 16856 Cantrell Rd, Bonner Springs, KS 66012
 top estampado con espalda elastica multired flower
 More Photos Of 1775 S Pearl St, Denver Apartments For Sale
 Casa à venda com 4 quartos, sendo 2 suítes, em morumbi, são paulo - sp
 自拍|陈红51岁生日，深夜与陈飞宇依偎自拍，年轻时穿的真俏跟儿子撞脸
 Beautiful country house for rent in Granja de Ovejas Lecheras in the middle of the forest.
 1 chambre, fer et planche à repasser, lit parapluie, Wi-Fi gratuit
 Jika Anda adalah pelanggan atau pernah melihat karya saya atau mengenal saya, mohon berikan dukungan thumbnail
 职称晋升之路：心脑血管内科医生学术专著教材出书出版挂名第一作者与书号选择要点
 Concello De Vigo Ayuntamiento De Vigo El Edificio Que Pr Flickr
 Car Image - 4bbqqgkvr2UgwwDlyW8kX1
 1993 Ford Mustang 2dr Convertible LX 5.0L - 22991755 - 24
__________
*Exercise requirements*. Please reply with an exact copy of the lines above, starting at the first and ending at the line that holds "自拍|陈红51岁生日，深夜与陈飞宇依偎自拍，年轻时穿的真俏跟儿子撞脸".

*Reply*.
 16856 Cantrell Rd, Bonner Springs, KS 66012
 top estampado con espalda elastica multired flower
 More Photos Of 1775 S Pearl St, Denver Apartments For Sale
 Casa à venda com 4 quartos, sendo 2 suítes, em morumbi, são paulo - sp
 自拍|陈红51岁生日，深夜与陈飞宇依偎自拍，年轻时穿的真俏跟儿子撞脸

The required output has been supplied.